Master Control is a local-first runtime that can inspect and mutate parts of a Linux host. Treat security issues in this repository as high-sensitivity reports even when the current release line is pre-1.0.

Out of scope for public issues:

• exploit details for unpatched vulnerabilities
• secrets, tokens, or host-specific private data
• reports that require publishing a proof-of-concept before maintainer review

Security fixes are only guaranteed for:

• the latest published pre-release
• the current main branch

Older pre-releases may receive no fix or may only receive documentation updates.

Preferred path:

1. Use GitHub private vulnerability reporting for this repository if it is enabled.
2. If private reporting is unavailable, contact the maintainer privately before opening any public issue.
3. Include reproduction steps, affected version or commit, impact, and any local configuration required to trigger the issue.

Do not open a public issue for a live security vulnerability before there is a maintainer response.

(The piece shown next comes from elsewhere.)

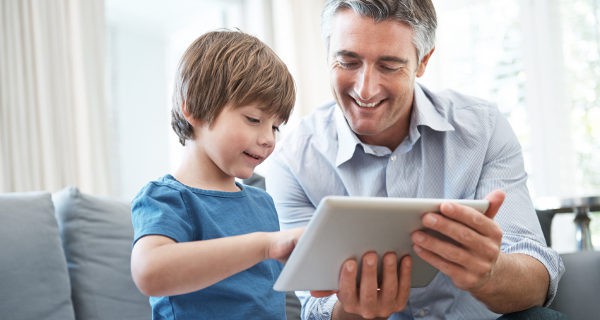 Padre e hijo con la tablet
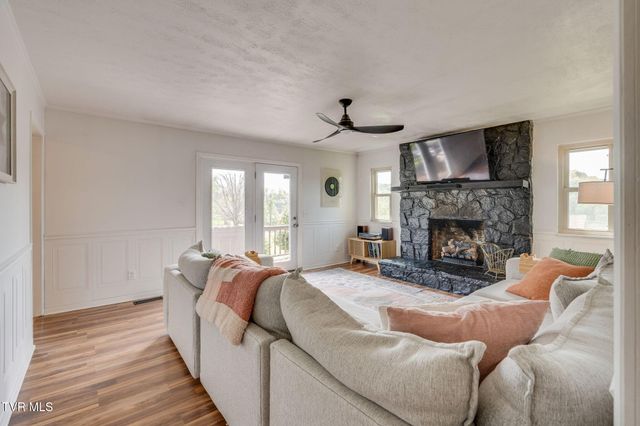 231 Rivergate Manor, Rogersville, TN 37857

• affected commit, tag, or release
• exact command, workflow, or interface used
• expected behavior
• observed behavior
• impact assessment
• whether the issue depends on local configuration, environment variables, or host privileges

Target process for confirmed reports:

1. Acknowledge receipt.
2. Reproduce and assess impact.
3. Prepare a fix or mitigation.
4. Publish the fix and any required operator guidance.

Because the project is still pre-1.0, some fixes may land on main before a formal tagged release is cut.